In the fall of 1963, two students travelled from Hong Kong to Kalamazoo, Michigan, to pursue their dreams. Each made the journey alone, unsure of what exactly they would find in this small Midwestern town with a funny name—yet they knew it would bring them one step closer to a better life. At K they found each other and became best friends. Almost 60 years later, their bond is as strong as ever, and their unconventional yet quintessential journeys to K and beyond have led to life-changing opportunities not only for themselves and their families, but for future generations of students as well.

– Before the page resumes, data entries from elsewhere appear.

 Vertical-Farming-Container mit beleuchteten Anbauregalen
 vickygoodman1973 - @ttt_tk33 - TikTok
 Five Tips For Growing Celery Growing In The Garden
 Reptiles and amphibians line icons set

Chung Wu  66, Alfred Lee  66 and Lee s future wife, Nancy, at K commencement
Chung Wu 66, Alfred Lee 66 and Lee s future wife, Nancy, at K commencement
Wu and his wife, Hing, sit with the Lees in Wu s home in Bellingham, Washington
Wu and his wife, Hing, sit with the Lees in Wu s home in Bellingham, Washington

The Small School with a Zoo in its Name

Alfred Lee ’66 was the oldest of six children—five boys and one girl—growing up in a poor neighborhood of Hong Kong. As a child, Lee’s family moved several times, living in small apartments with communal kitchens and bathrooms, apartments so small that there wasn’t room for a bed. The family didn’t have much, but Lee’s parents were always able to provide rice to eat and a roof over their heads. “We were thankful for what we had, and we were probably fairly lucky to have what we did.”

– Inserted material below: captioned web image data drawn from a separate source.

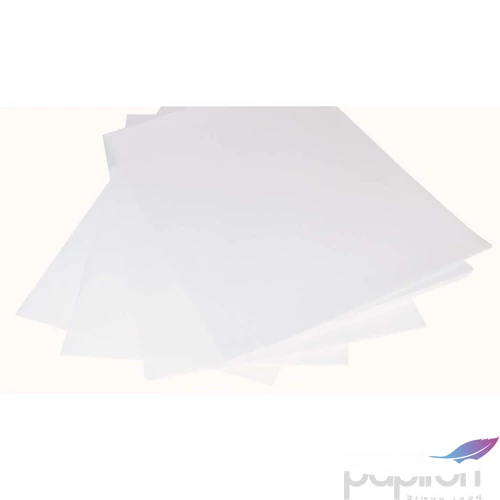Fénymásolópapír A2 XEROX XEROX vágott papír A2 80gr. 500ív/csomag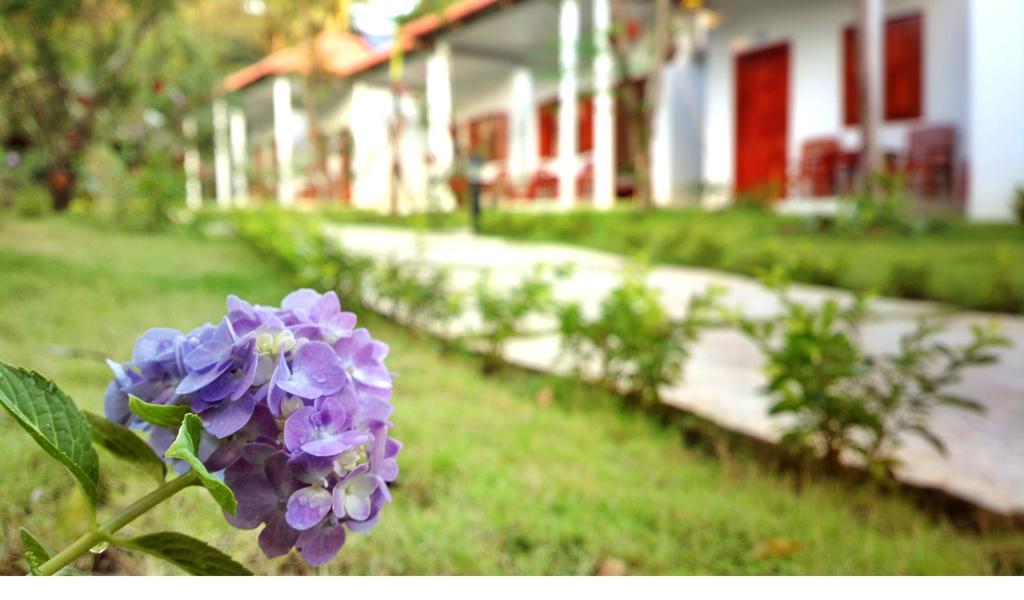 Highland Bungalow Дуонг-Донг Экстерьер фото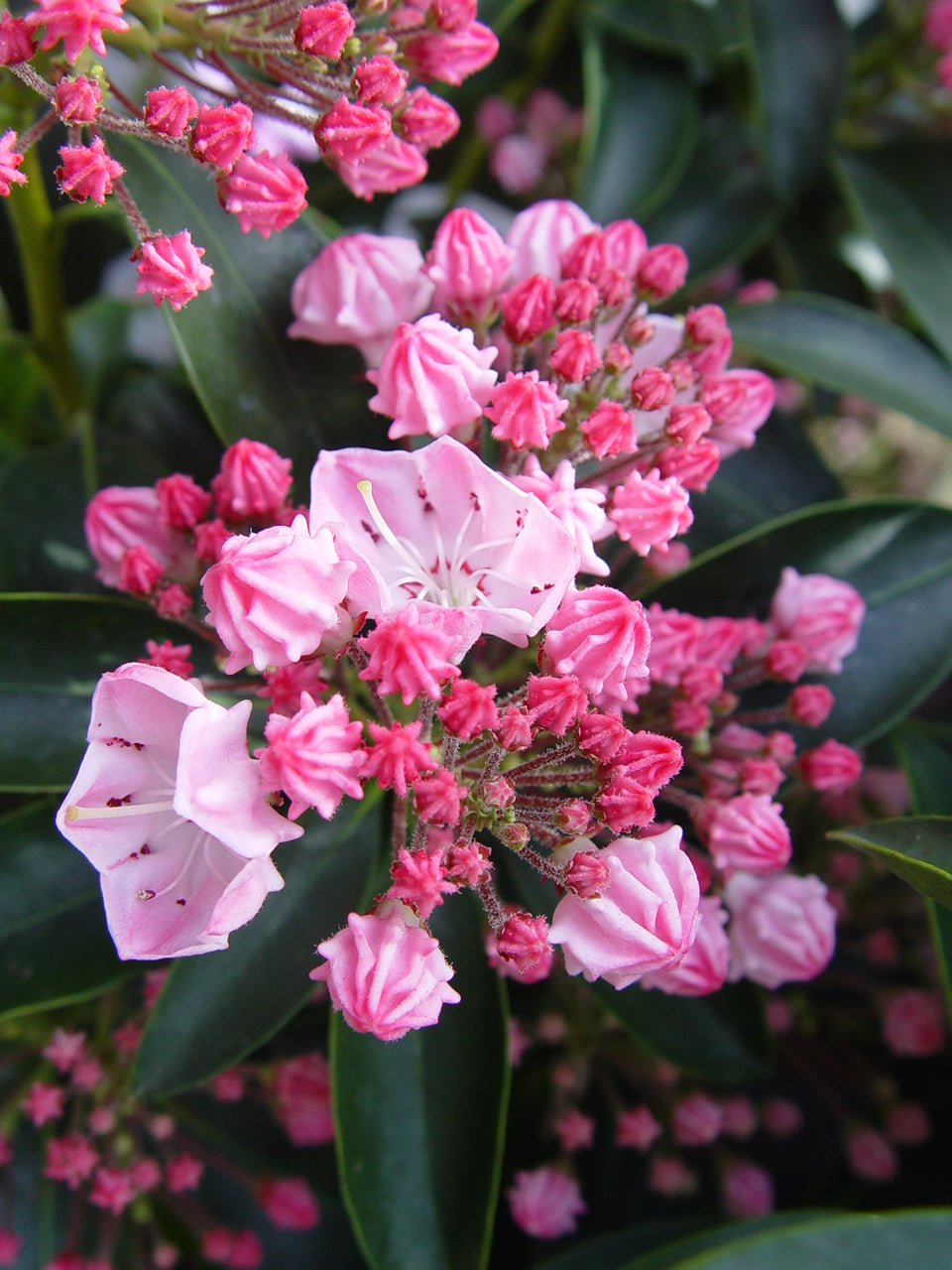 Close-up of pink mountain laurel flowers with green leaves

Lee was not the best student growing up—a bit of a class clown, always third or fourth from the bottom of his class. In middle school, he enrolled in the school where his father, a school teacher, was now the principal. At that time, Lee’s family was living in a tenement building that was four stories high, one of 10 buildings connected together. His father’s school was on the fourth floor, as was his family’s apartment. “The room we lived in was about 8’X10’; there was a bed for my mom and dad and the two youngest kids. The rest of us would roll out a bamboo mattress on the floor at night. The apartment had these milky white cockroaches…they were terrible!” 

Alfred Lee
Lee went from working in the control tower at the Hong Kong International Airport to earning a Ph D in theoretical chemistry, thanks to his opportunity to attend K on a scholarship.

As the children grew and it became more crowded, Lee’s dad suggested he sleep in one of the schoolrooms, where he could pull together benches for a bed. One evening, as he was getting ready to settle in for the night, he spotted a book lying on the floor of the classroom. “I still remember the name,” Lee says. “It was Fundamentals of English.” He picked it up and flipped through it, studying it a bit before turning in for the night. It was the moment that would change his life. 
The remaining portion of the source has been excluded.